The AG also highlighted the principle of sovereignty, which dictates that a judgement delivered in one country cannot, in the absence of international agreement, have a direct operation in another. This principle, he said, creates barriers to international trade, and this is where the Foreign Judgements Bill comes in, to promote improved international relations.
“This bill is part of that menu of modern laws that are necessary for economic development and foreign investment,” he said.
The legislation will also allow for cheaper and more efficient litigation since it removes the need for relitigating in foreign countries.
“Litigation in any part of the world is expensive, protracted and time-consuming. In the end, every litigant expects the fruit of the litigation, not only to be efficacious but also effectively enforceable as far and as wide as possible. This bill guarantees exactly that,” AG Nandlall explained.
Moreover, he clarified that the principle of reciprocity dictates that the judgements applied in one country will be applied in foreign countries in the same manner.
“Once the basis of it is reciprocity, it means that it has to apply in the same way, in accordance with the same principle, in every country across the globe.”
Meanwhile, Minister of Public Service, Sonia Parag established the importance of reciprocal enforcement mechanisms in ensuring the protection of the interests of the people and the private sector.

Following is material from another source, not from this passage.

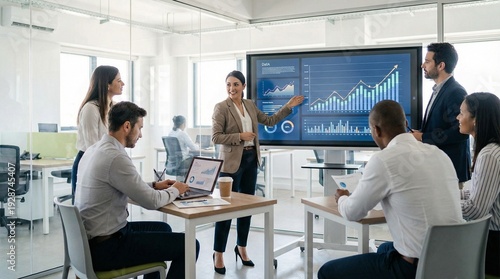 Business team in a modern office presenting financial data on a large interactive screen showing growth charts and analytics for corporate strategy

She said the bill creates an efficient and transparent environment for foreign relations.
“It is a critical component of Guyana’s evolution, especially with regard to accommodating foreign investment and safeguarding the interests of Guyanese who continue to expand their enterprises and transactions beyond our border,” the minister posited.
Member of Parliament, Sanjeev Datadin, also supported the bill.
The Foreign Judgements (Reciprocal Enforcement) Amendment Bill 2023 repeals the existing Foreign Judgment (Reciprocal Enforcement) Act, Cap 7:04 and the Judgments Extension Ordinance, Cap. 27.
It allows for judgements in Guyana to be applicable in some 60 countries, which includes all Commonwealth countries, China, the United States, and almost all of Guyana’s key trading partners and investors.
The bill applies to monetary and non-monetary judgements, and orders of a designated court in civil proceedings for the payment of a lump sum of money as financial provision for, or maintenance of, a spouse or a former spouse or a child or other person who is or was a dependent of another.